How to get an Alaska Construction Contractor License
This Alaska construction contractor license guide is for informational purposes only. SuretyBonds.com does not regulate or manage licensing for construction contractors in Alaska. Contact the Alaska Department of Commerce, Community, and Economic Development for state's latest official construction contractor license requirements.
The Alaska Department of Commerce, Community, and Economic Development requires construction contractors be licensed before working in the state. "Construction contractor" is a general term used in Alaska to describe several different professions in the state's construction industry. The Alaska DCCED enforces different licensing requirements depending on the type of construction work you do. However, all construction license types require the same type of surety bond be filed for licensing.
How do I get a construction contractor license in Alaska?
Step 1. Determine which Alaska construction contractor license you need.
Your Alaska construction contractor license isn't a “one size fits all” license. Each classification has its own license application requirements.
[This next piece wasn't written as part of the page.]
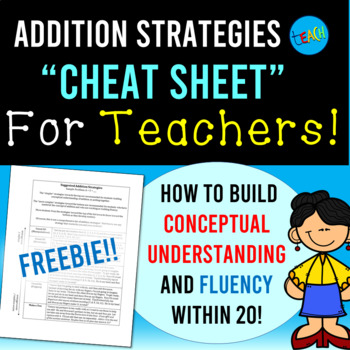 Preview of Addition Strategies to 20 Cheat Sheet for TEACHERS!  Freebie!!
- General Contractors are authorized to oversee construction projects. They can also perform new home construction along with commercial or residential remodel work. General contractors who perform residential work that's more than 25% of the home value also need a residential contractor license/endorsement.
- Residential Contractors are authorized to perform construction work for residential properties with 1-4 units. They can perform work that's valued at more than 25% of the residency being altered. Residential contractors must have a residential contractor endorsement or have assigned employees who have this endorsement.
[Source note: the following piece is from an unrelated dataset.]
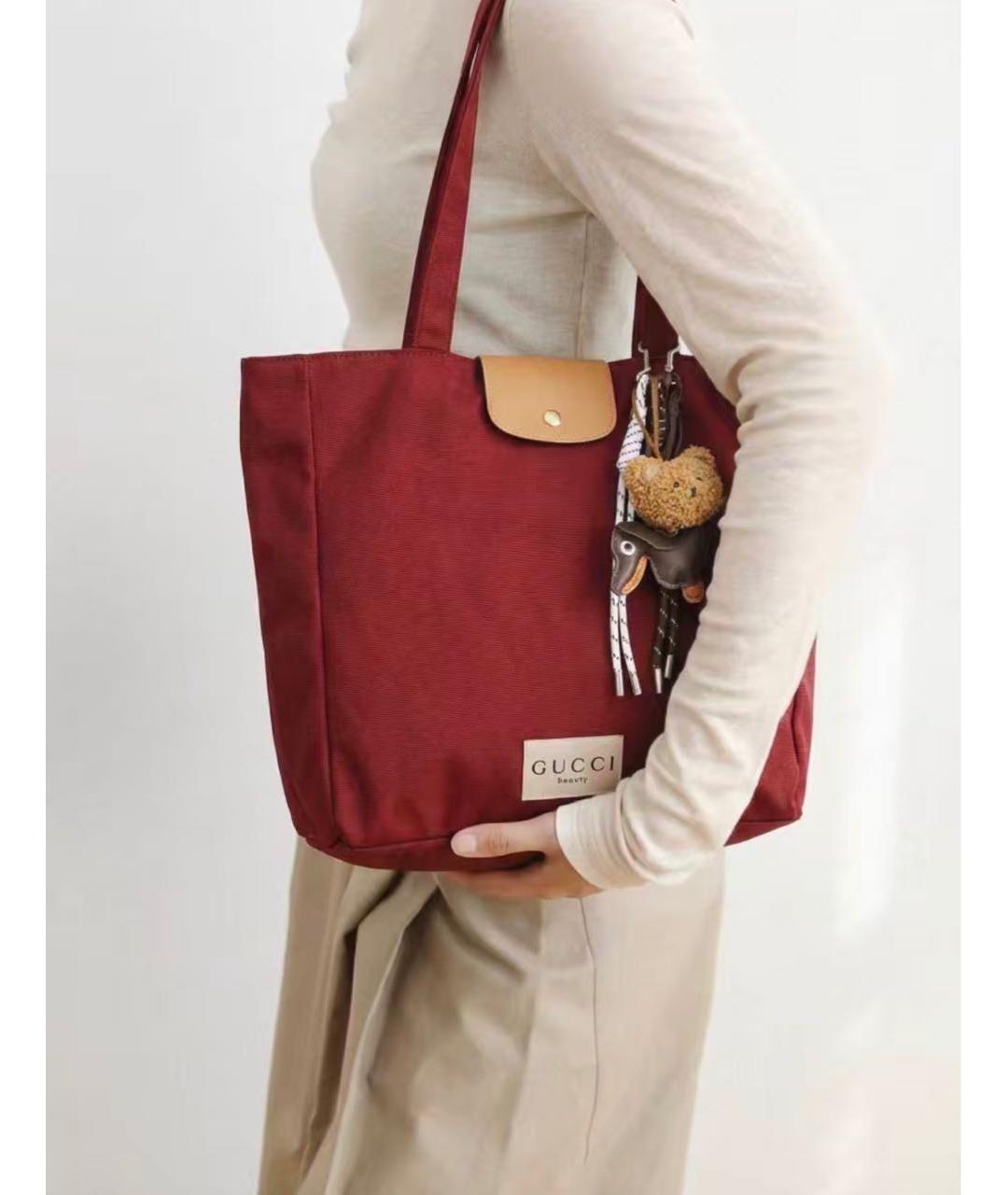 GUCCI BEAUTY Бордовая тканевая дорожная/спортивная сумка, фото 4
- Specialty Contractors perform 3 or fewer trades on the Alaska Specialty Contractor Trades List. If you perform more than 3 specialty contractor trades, you'll need to apply as a general or residential contractor.
- Electrical Contractors are a subsection of specialty contractors. You'll need to have an electrical administrator license in addition to a specialty contractor license. Electrical contractors must have an electrical contractor or communications contractor listed under their specialty trades to be classified as an electrical contractor.
- Mechanical Contractors are authorized to perform plumbing, heating, sheet metal, or refrigeration work. Mechanical contractors must hold a mechanical administrator license or have someone assigned to them who has that license.
- Handyman Contractors are authorized to work on projects with aggregate project costs less than $10,000.
Step 2. Fill out your Alaska construction contractor application form(s).
You must include the names of all owners and principal officers to be licensed. Your application must be signed and notarized. If you're applying as a corporation or LLC, be sure your business is registered with the Alaska Corporations Section before proceeding.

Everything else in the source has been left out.